Thursday, June 3, 2021


I installed the shaft and gearbox yesterday. I used this bicycle inner tube to go over the input gear and a sleeve glued to the propshaft. This was a perfect fit.  The RTV got smoothed out more before it was bolted up.

Thursday, May 27, 2021


The new propshaft is finished now. I had to have the shaft straightened as it cam in with a bow; was replaced but the new one was bowed too. Anyway the clutch splines are cut as well s the keyways and the snap ring groove to contain the bearing. 


The support bearing is 7/8" x 2" and the torque is 2.375 ID nominal so a sleeve is required.

The gearbox input shaft or constant mesh gear leaks down the keyways and drips into the torque tube. That oil can pass forward and end up in the clutch disk. See my previous post to prevent this. It didn't work.
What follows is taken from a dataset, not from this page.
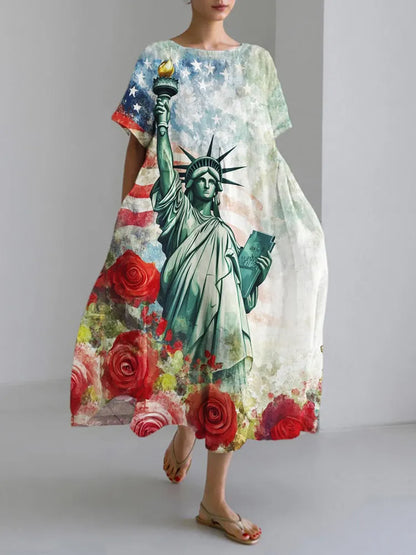 Elegantly Designed Dress
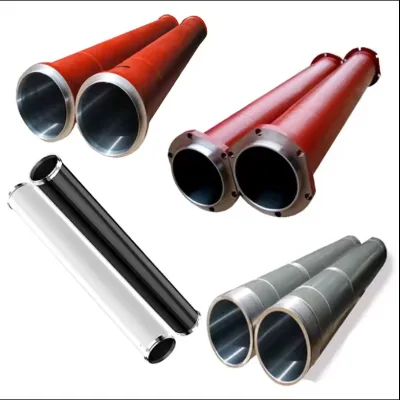 Concrete Pump Cylinder Parts and Accessories Concrete Pump Spare Parts Delivery Cylinder Schwing Oil Cylinder for Concrete Pump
I have been advised to get a short length of bicycle inner tube to fit the gearbox input and to make a sleeve to Loctite onto the prop shaft to accept the forward end of the rubber tube. This looks like a great solution.

I will follow up with how this works out.


Wednesday, May 5, 2021

new propshaft

 When driving I got a vibration at about 45mph. It has to be the dreaded propshaft whip that is so common with the F type Morgan. My choice is to make a new shaft from 7/8" dia. 4340 steel. The bar should come in by the end of this week so today I made a test spline to be sure I could do it; never done one before. It came out just great, maybe a bit too tight so I'll add a couple thou. of slop in the real shaft.

The Bulletin has several articles on the subject. I'll add a support bearing part way up from the rear but not at mid point of the shaft. Some of the articles talk about using 2 or even 3 support bearings but I believe one is enough. One works fine with the twin car 2 piece shaft and it has worked with my JZR also. The idea is to break up the harmonic frequency of the shaft and raise the critical speed of the shaft.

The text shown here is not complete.